Dünya emekçilerinin 160 yıllık mücadeleleriyle elde ettikleri kazanımlar bugün 1 Mayıs’ta simgeselleşmiştir. Çünkü emek en yüce değerdir ve alınteri olmadan üretim sağlamak, ileriye gitmek mümkün değildir. “İşçinin parasını teri soğumadan ödeyin” anlayışının yanından dahi geçmeyen 14 yıllık iktidar, insanların bir araya gelmesini önlemek için kent merkezlerindeki meydanları dahi yok etme yoluna gitmektedir. İktidar, taşıma kalabalıklar olmadan milyonlarca insanın bir araya gelme olasılığından korkmaktadır. 

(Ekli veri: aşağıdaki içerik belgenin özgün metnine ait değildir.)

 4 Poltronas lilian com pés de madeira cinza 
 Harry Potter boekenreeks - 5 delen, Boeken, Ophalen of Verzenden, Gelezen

Sırf bu nedenle meydanları küçültüp, betonlaştırmak için elinden geleni yapan iktidar Taksim’den korkmaktadır. Halbuki 1 Mayıs denilince Türkiye’de maalesef Taksim’de 1977’de yaşamını yitiren 34 yurttaşımız akıllara gelmektedir. Hükümetin samimiyetsizliği nedeniyle Taksim yıllardır bir çekişme konusu haline gelmiştir. Oysa “Ne ezen ne ezilen, insanca hakça bir düzen” anlayışını savunan CHP iktidarında meydanlar yasaklanmayacak tam tersine buralar serbest kürsülere dönüştürülecek, konuştuğu için kimse gözaltına alınmayacak. 

Peki CHP iktidarını nasıl kuracağız? Bunun için öncelikle bizim kiminle yürüyeceğimize, doğal tabanımızın kimler olduğuna karar vermemiz gerekmektedir. CHP yönetiminin iş dünyasıyla birlikte olmak, onların gönlünü hoş tutmak gibi bir kaygısı olamaz çünkü CHP çalışanlardan, işçiden, memurdan, köylüden yeniden oy almaya başlamalı, yüzünü işçiye emekçiye dönmelidir. CHP hiç çekinmeden “zenginden çok fakirden az vergi alacağım” diyebilmeli, asgari ücret üzerindeki vergiyi sıfırlamalıdır. Ancak bunları samimiyetle yaptığımızda işçi kardeşlerimiz de taşeron kardeşlerimiz de aynen şu an AKP iktidarının yaptığı gibi samimi olmayan, takiyeci, demokrasiyi amaca götüren tramvay olarak görenlerden kendisine bir yarar gelmeyeceğini; kendisine sözü verilen ücretin bile eline geçmeyeceğini, kadro beklerken tam tersine taşeronların işsiz kalacağını, açıkçası bu iktidarın çalışanın, köylünün, çiftçinin değil faizcinin, rantçının, doğadan nefret edenlerin iktidarı olduğunu görecektir. 

Tüm çalışanlarımızın, köylülerimizin, çiftçilerimizin ancak CHP iktidarında emeklerinin karşılığını tam olarak alacaklarını ve çalışarak birlikte zenginleşeceklerini unutmamalarını istiyorum. Biz samimiyiz ve laf olsun diye işçi emekçi bayramını kutlamıyoruz: Evet işçi kardeşim, emekçi kardeşim 1 Mayıs Emek ve Dayanışma Günün kutlu olsun. 

Bu vesileyle 1977’de yaşamını yitiren 34 insanımızın yanı sıra çalışma hayatının kazanımlarına büyük katkılar sağlayan 3. Genel Başkanımız “Karaoğlan” Bülent Ecevit’i de rahmetle, saygıyla bir kez daha anıyorum.